O grande pavor é o de que Bolsonaro decida criar uma versão fiscal do célebre bordão "e daí?". Nessa hipótese, o presidente mandaria às favas o teto de gastos para engordar o Bolsa Família ou colocar em pé um programa de renda mínima para substituir o auxílio emergencial que acaba na virada do Ano Novo.

As mesmas urnas que encolheram Bolsonaro aumentaram o poder de fogo dos partidos do centrão e adjacências. Há algumas providências que o presidente poderia adotar em vez de se entregar ao negacionismo fiscal.
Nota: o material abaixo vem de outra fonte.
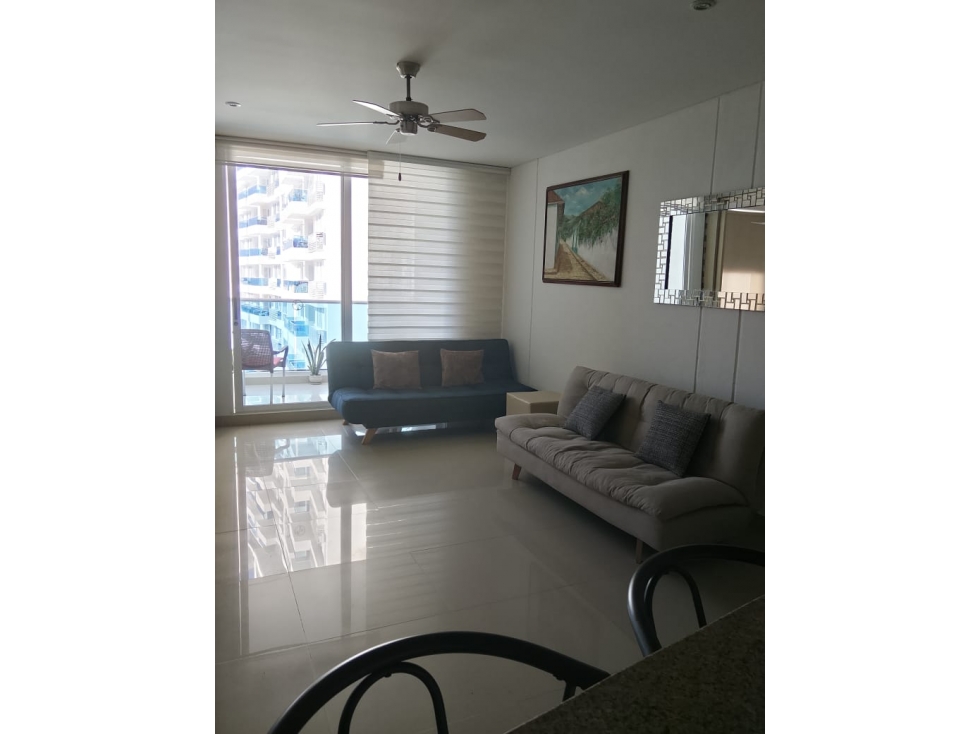 SE VENDE APARTAMENTO AMOBLADO DE TURISMO SECTOR PLAYA SALGUERO - L.P. — foto 3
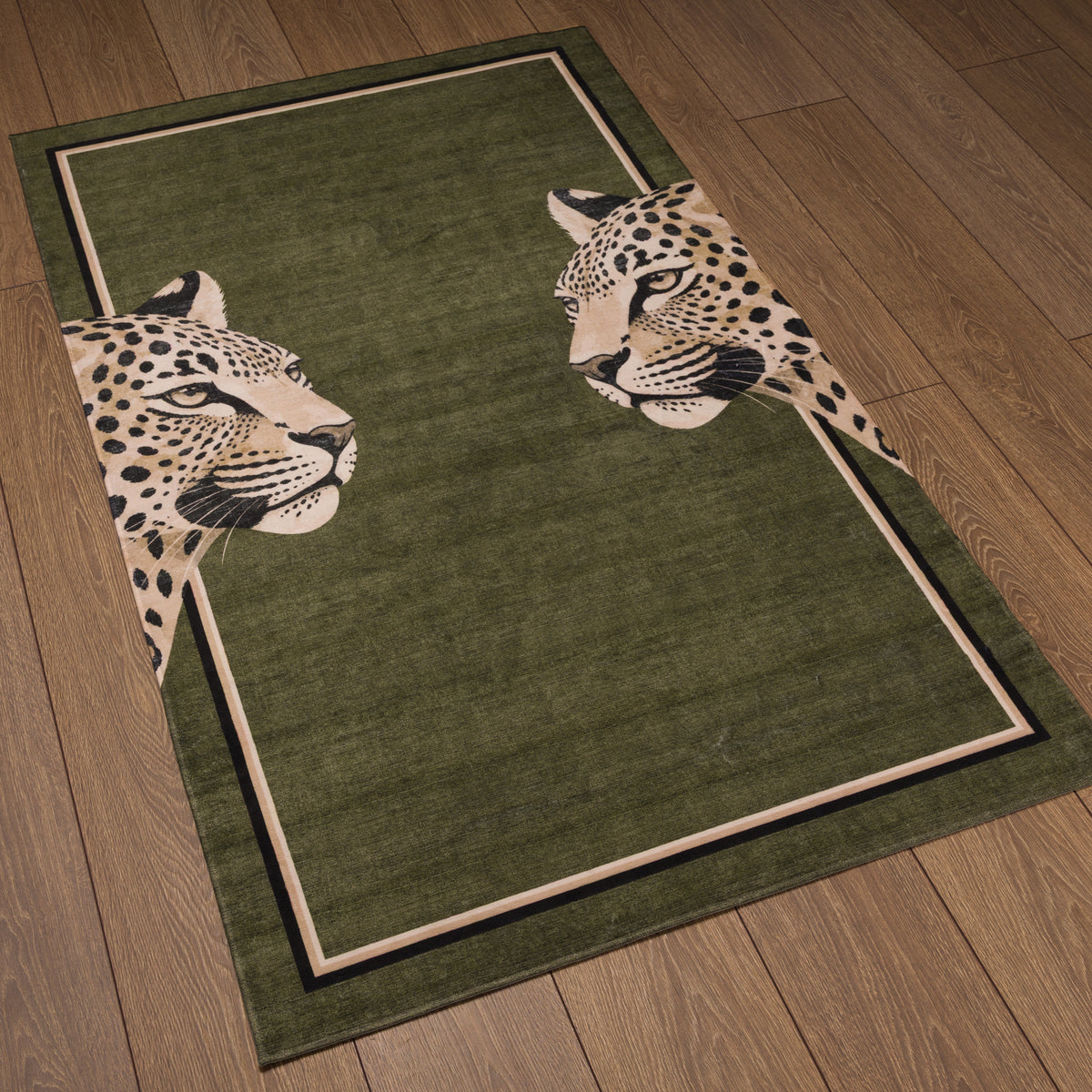 Raina Tapete de retrato de leopardo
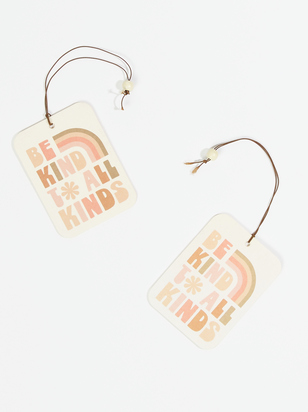 Be Kind to All Kinds Car Air Fresheners - ARULA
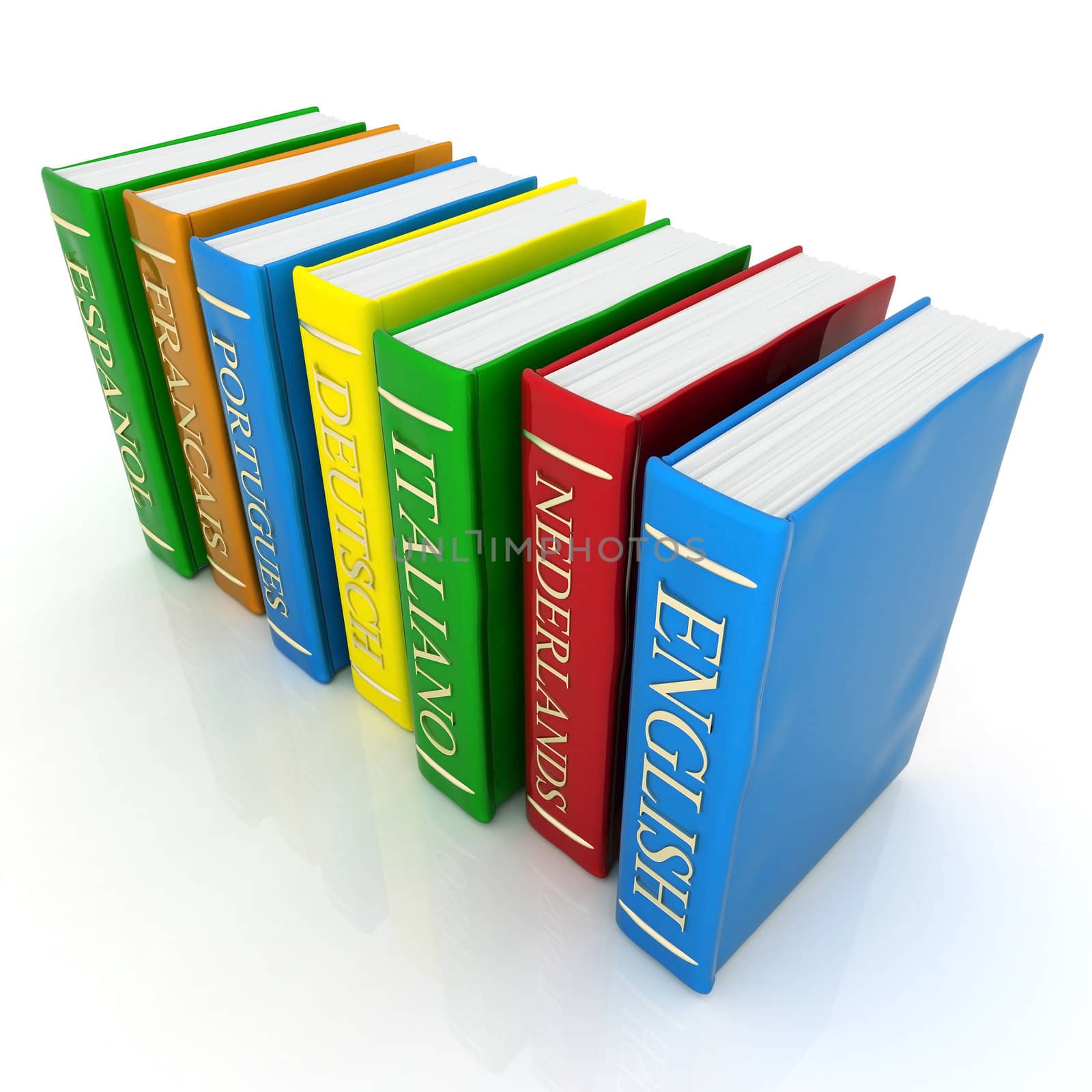 Picture pages, books bindings and Literature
Entre elas condicionar as verbas e os cargos cedidos ao centrão à aprovação de duas ou três reformas.

De resto, se Bolsonaro se dedicar a atividades menos estéreis do que fazer oposição a si mesmo, talvez lhe sobre tempo para tarefas menores como, digamos, trabalhar. Do contrário, o presidente logo descobrirá que a popularidade de um governante é como o amor do Soneto de Fidelidade, de Vinicius de Moraes: não é imortal, posto que é chama. É infinita enquanto dura.